*Extracted records*.
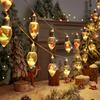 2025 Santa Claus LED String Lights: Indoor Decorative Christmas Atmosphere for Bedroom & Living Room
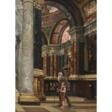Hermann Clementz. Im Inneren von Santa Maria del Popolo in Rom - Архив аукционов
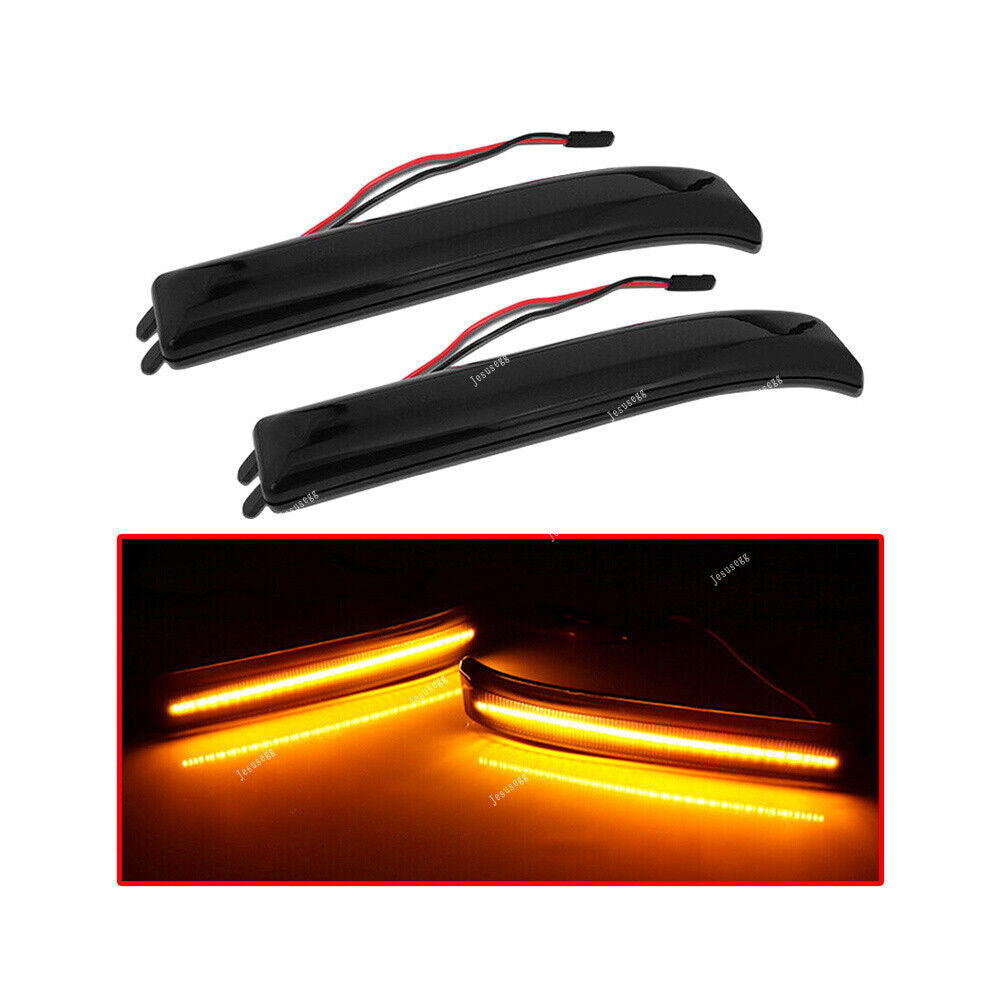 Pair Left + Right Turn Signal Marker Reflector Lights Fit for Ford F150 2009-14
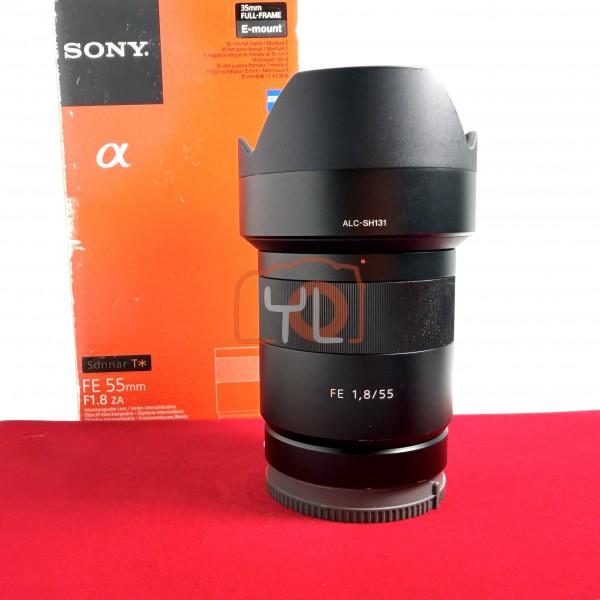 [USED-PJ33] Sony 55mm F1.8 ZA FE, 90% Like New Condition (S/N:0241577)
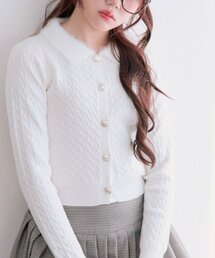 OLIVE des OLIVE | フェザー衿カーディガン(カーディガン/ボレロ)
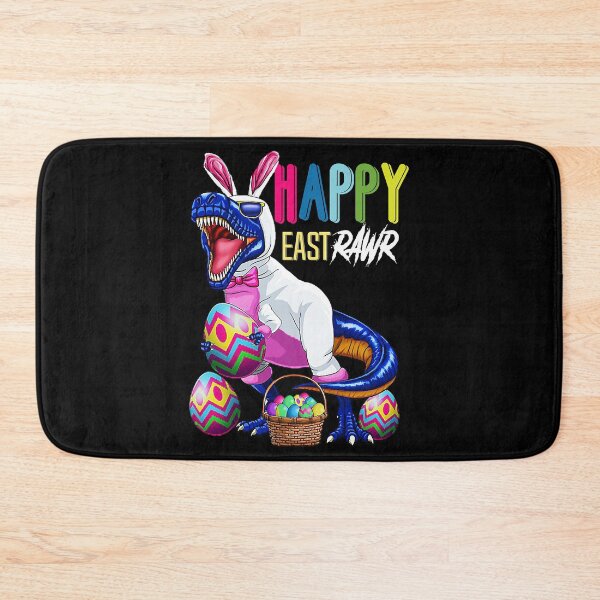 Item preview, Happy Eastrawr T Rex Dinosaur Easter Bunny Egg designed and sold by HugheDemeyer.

*Problem requirements*. Write out exactly the lines from the line containing "[USED-PJ33] Sony 55mm" through the last line of the listing above, please, and leave out any pictures.

*Exercise response*.
 [USED-PJ33] Sony 55mm F1.8 ZA FE, 90% Like New Condition (S/N:0241577)
 OLIVE des OLIVE | フェザー衿カーディガン(カーディガン/ボレロ)
 Item preview, Happy Eastrawr T Rex Dinosaur Easter Bunny Egg designed and sold by HugheDemeyer.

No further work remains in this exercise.